Na conferência da Ordem dos Advogados de Israel, realizada em Eilat no dia 26 de maio, a Procuradora-Geral de Israel, Gali Baharav-Miara, alertou para uma possível mudança acelerada do regime sob o qual vivemos: “Sob o pretexto da guerra, o processo de mudança de regime se acelerou muito. Não é um alerta sobre o futuro — é o retrato da realidade atual… Há um enfraquecimento central das instituições democráticas, e especialmente preocupante é o ataque contínuo ao Poder Judiciário. Os primeiros a serem prejudicados serão os próprios cidadãos.”

De fato, é crescente a sensação, em amplos setores da população, de que Netanyahu abriu mais uma frente de conflito: desta vez interna, contra todos os cidadãos que não fazem parte de sua base de apoio. Essa sensação se aprofunda a cada dia.

Tristemente, essa percepção de alienação e radicalização transmitida por Netanyahu está se intensificando. Um exemplo claro disso foi a coletiva de imprensa que ele convocou em 21 de maio — após seis meses evitando completamente responder a perguntas de jornalistas, e mais de quatro anos de boicote aos principais meios de comunicação israelenses, com exceção do Canal 14, seu principal “porta-voz político”. 

O evento era praticamente voltado ao seu núcleo de apoio mais fiel e cristalizou o padrão de conduta de Netanyahu: teorias da conspiração, meias-verdades – ou até menos que isso – aprofundando, de forma consciente, o racha interno no seio da sociedade israelense.

O momento mais marcante foi quando comparou os combatentes da força de elite Nukhba, do Hamas – armados e treinados com recursos do Catar, cuja transferência ao grupo terrorista foi autorizada durante anos por ele mesmo – a “moleques de chinelos”, numa fala interpretada pelo público, como um insulto direto ao heroísmo dos soldados que arriscaram suas vidas nos combates daquele dia, aos civis assassinados ou sequestrados, e aos membros das equipes de resposta rápida que enfrentaram o massacre com coragem admirável.

Aparentemente, o primeiro-ministro tem motivos para se preocupar.

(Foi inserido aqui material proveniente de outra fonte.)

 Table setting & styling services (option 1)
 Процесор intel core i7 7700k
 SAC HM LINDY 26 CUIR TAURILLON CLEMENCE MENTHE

Todas as pesquisas realizadas desde o início da guerra apontam para uma queda dramática em seu apoio eleitoral: a coalizão atual gira em torno de 45 a 48 cadeiras na Knesset, parlamento israelense, enquanto a oposição chega a um número entre 62 e 65 – e, em alguns levantamentos, até mais. O verdadeiro teste, é claro, será nas urnas, nas eleições previstas para outubro de 2026. 

Mas será que elas realmente acontecerão? 

Na já mencionada coletiva de imprensa, o primeiro-ministro se recusou a responder à pergunta feita pelo Canal 12: “O que acontecerá se a guerra ainda estiver em curso no período das eleições? O senhor irá adiá-las?”. Seu silêncio retumbante deixou no ar uma inquietante interrogação. O que isso significa? O tempo dirá.

Diante de tudo isso, é fundamental – talvez mais do que nunca – esclarecer: embora o governo de Netanyahu exerça o poder de forma legítima, há muito tempo ele não representa a maioria dos cidadãos de Israel.

A sociedade israelense é diversa, crítica e pautada por valores. Um número significativo de seus integrantes se opõe veementemente às políticas do governo atual. Muitos clamam pelo fim imediato da guerra, pelo retorno dos reféns, por uma solução política para Gaza, pelo fim do controle sobre outro povo, por responsabilidade moral e por fidelidade à democracia e aos seus princípios. Sabem que o desafio à segurança é real – mas acreditam que, mesmo em meio a uma luta existencial, não se pode perder a bússola moral. Ela é parte inseparável não apenas do ethos político sobre o qual o Estado de Israel foi fundado, mas também – e talvez acima de tudo – do próprio ethos judaico.

Esse texto não reflete necessariamente a opinião do Instituto Brasil-Israel.